■ **Extracted records**:
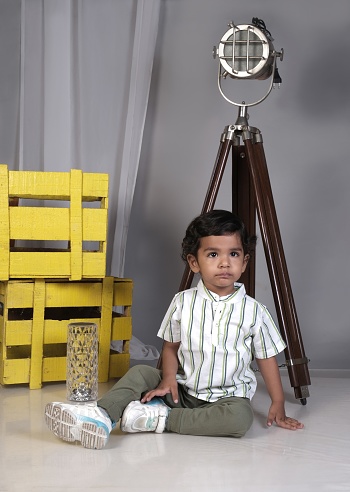 Cute little boy having fun while shoot and making poses, sitting on floor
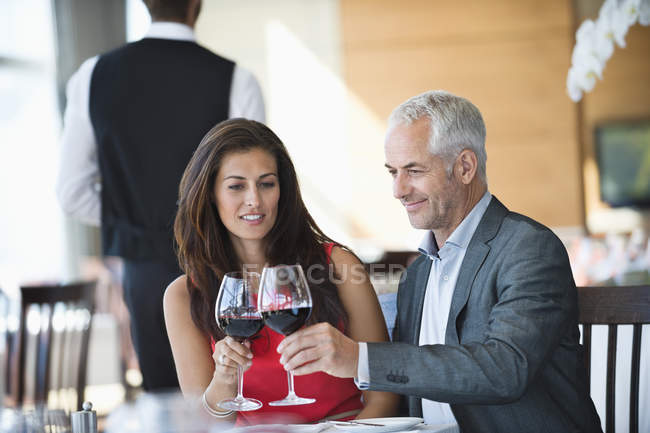 Casal desfrutando de vinho tinto no restaurante — Fotografia de Stock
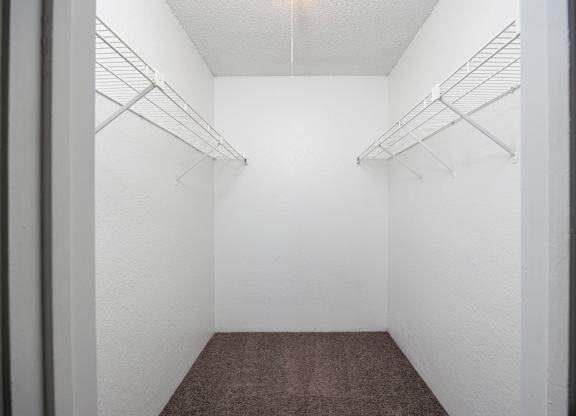 A walk-in closet with white walls and shelves.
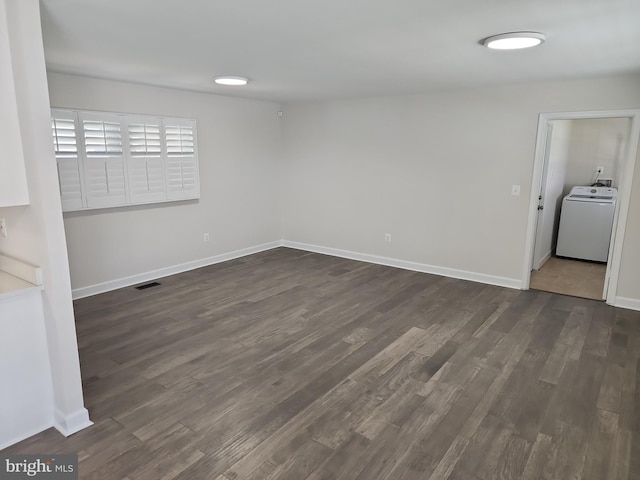 unfurnished room with washer / clothes dryer, baseboards, visible vents, and dark wood finished floors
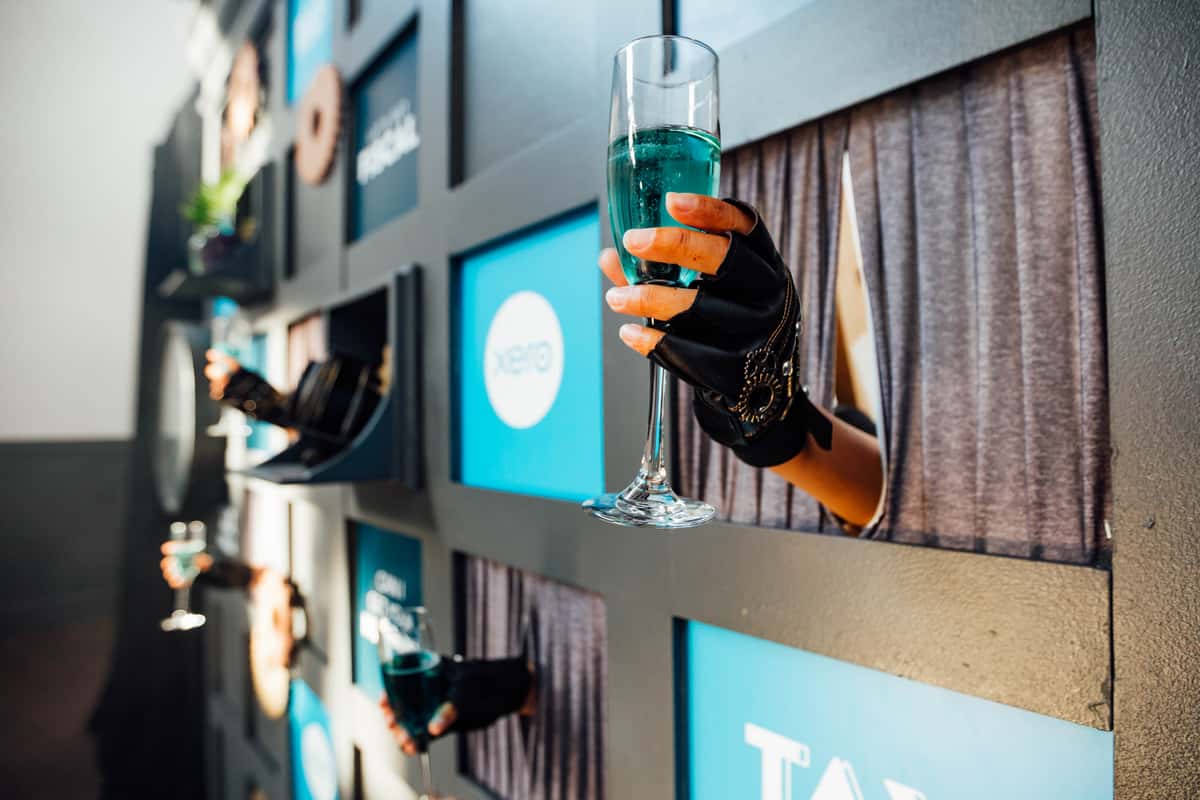 Hand serving a drink from a wall
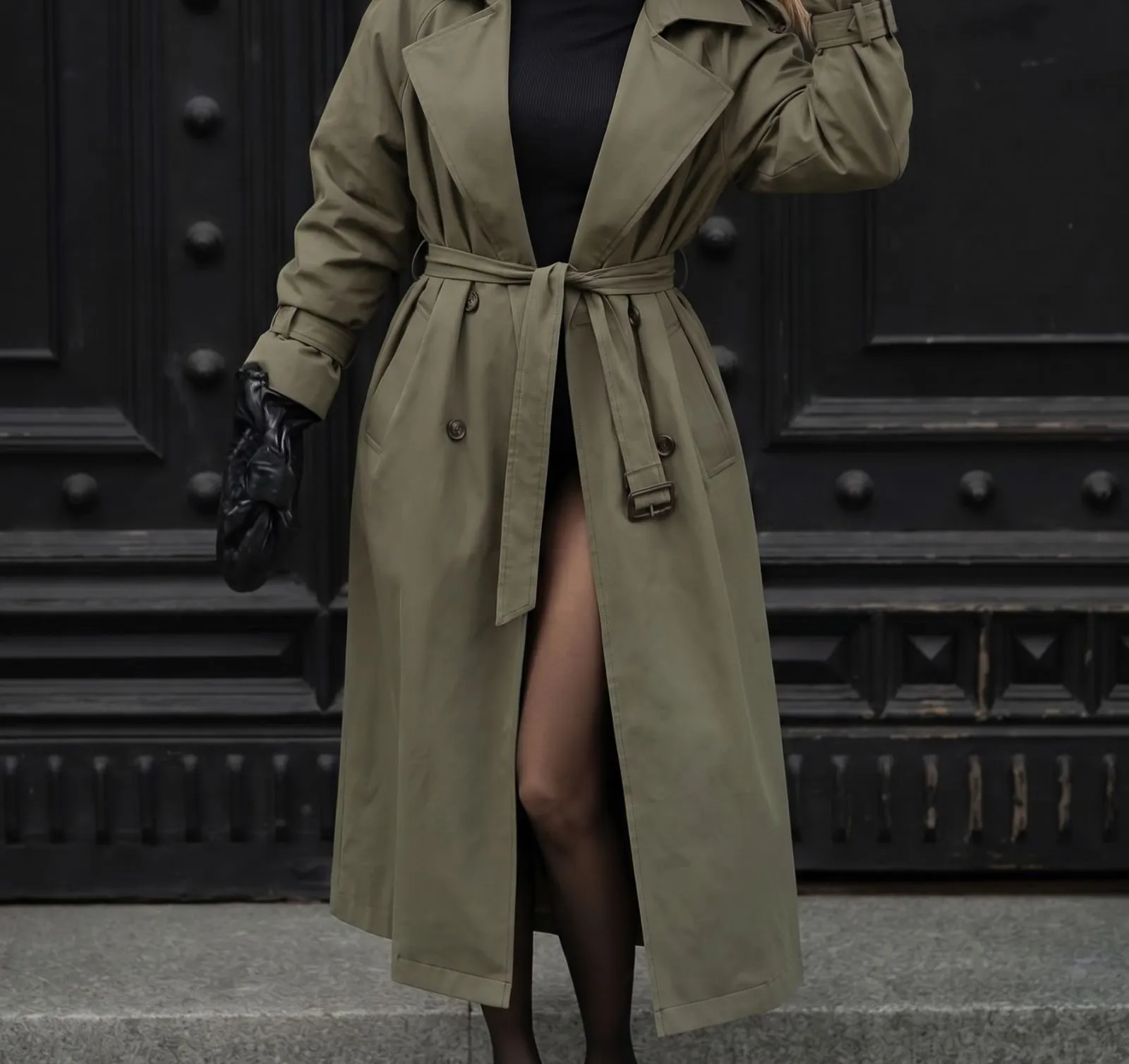 Close up of a belted olive trench coat over a black ribbed turtleneck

■ **Work instruction**: Write the material out again word for word and omit any images.

■ **Answer for this exercise**:
 Cute little boy having fun while shoot and making poses, sitting on floor
 Casal desfrutando de vinho tinto no restaurante — Fotografia de Stock
 A walk-in closet with white walls and shelves.
 unfurnished room with washer / clothes dryer, baseboards, visible vents, and dark wood finished floors
 Hand serving a drink from a wall
 Close up of a belted olive trench coat over a black ribbed turtleneck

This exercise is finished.